By the late-1990s, geostrategic reality was crashing down
on Japan's weak security posture. China was emerging as a
contentious regional power, buying dozens of submarines and
advanced fighters. And in 1998, North Korea launched a
multi-stage ballistic missile over Japanese territory. This
galvanized national fears and led to the country spending
upwards of a billion dollars annually on ballistic missile
defenses by the mid-2000s. Yet overall defense spending
since 1999 has stayed flat or declined slightly, meaning
that fewer new weapons systems are being bought due to
missile defense eating up the budget.
Now, however, Tokyo seems to be connecting the dots.
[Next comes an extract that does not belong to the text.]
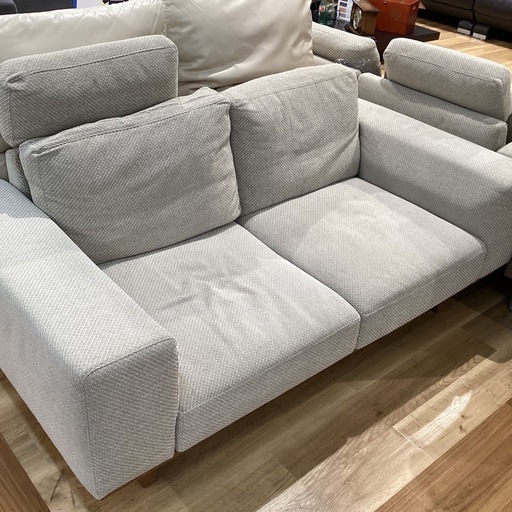 【トレファク神戸南店】★値段下げましたkarimoku 2人掛けソファーです!【取りに来られる方限定】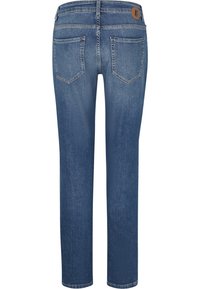 Jean en denim de bleu moyen, avec une coupe droite, deux poches à l'arrière et une étiquette en cuir avec marque sur la taille.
Leaders worry the U.S. military will not remain a credible
force in coming decades in light of planned budget cuts, and
have seen Washington's repeated outreach to China, North
Korea and even Iran rebuffed. More countries have more
powerful weapons and there is less confidence in diplomatic
mechanisms to keep peace. In response, last year's National
Defense Program Guidelines codified a strategic change to
"active defense" and closer integration with the U.S. But
only by putting meat on the bones will Japan prove its
seriousness about defending itself and playing a bigger role
in the community of liberal nations promoting stability in
Asia. Looking forward, policies like the ban on collective
self-defense will have to be reassessed.
Dealing with unfriendly neighbors is never fun. But if
the result is a more realistic approach to threats on the
horizon, then the ordeal will lead to a safer Japan and a
safer Asia.
Mr. Auslin is the director of Japan Studies at the
American Enterprise Institute and a columnist for WSJ.com.